Canada’s real gross domestic product was up 0.3 per cent in April, following a 0.5 per cent increase in March, according to Statistics Canada.
And that was helped by a boost from the mining, quarrying and oil and gas extraction sector.
The federal agency reported on Friday that goods-producing industries rose 0.4 per cent, while services-producing industries increased 0.2 per cent. The 20 industrial sectors were nearly evenly split between gains and losses, it said.
“On a three-month rolling average basis, real gross domestic product increased 0.3 per cent, up compared with the three-month rolling average in March (+0.1 per cent),” explained StatsCan.
“Mining, quarrying and oil and gas extraction was up 4.5 per cent in April, primarily due to a 5.5 per cent rise in oil and gas extraction, as output increased following government-mandated production cuts in Alberta that started in January 2019. The rise in this sector is the strongest since the recovery from the wildfires that affected production capacity in the Fort McMurray area in the spring of 2016.”

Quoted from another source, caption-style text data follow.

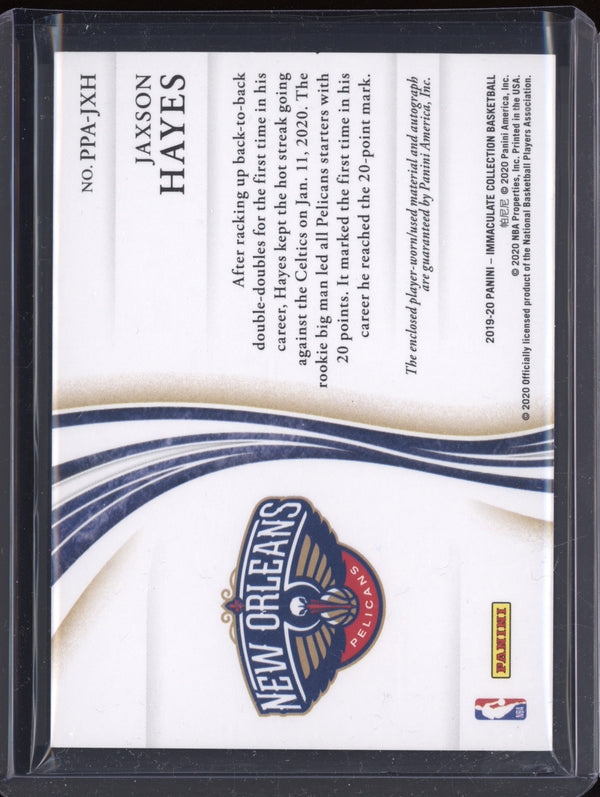 Jaxson Hayes 2019-20 Panini Immaculate PPA-JXH Premium Patch Auto Gold RC 8/10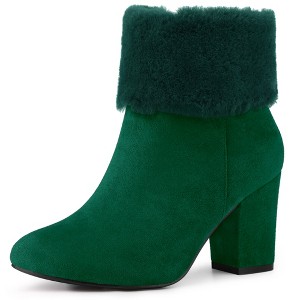 Allegra K Women's Side Zipper Cute Round Toe Faux Fur Chunky Heel Ankle Boots - 1 of 4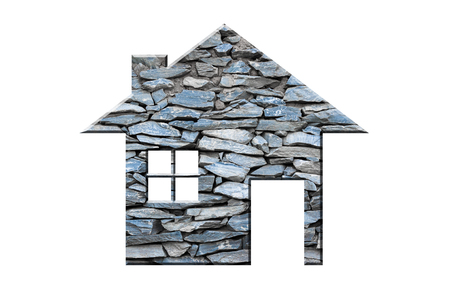 house icon from brick stone texture background as symbol of mortgage,Dream house on nature background, isolated on whiteの写真素材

Statistics Canada said oil sands extraction increased 11 per cent as facilities scaled up production rather than undertaking maintenance activities, to take advantage of the easing of production restrictions. Oil and gas extraction (excluding oil sands) was up 0.5 per cent as a decline in crude petroleum was offset by an increase in natural gas extraction.
“Mining excluding oil and gas grew 1.7 per cent. Non-metallic minerals mining increased 3.9 per cent, led by a 4.4 per cent expansion in potash mining. Metal ore mining gained 0.6 per cent as growth in copper, nickel, lead and zinc mining (+11.4 per cent) more than offset the declines in other types of metal ore mining. Coal mining was down for the third consecutive month, contracting 4.1 per cent in April,” said the report.
“After posting declines for four consecutive months, support activities for mining, oil and gas extraction expanded 5.4 per cent, mainly as a result of increased drilling and rigging services.”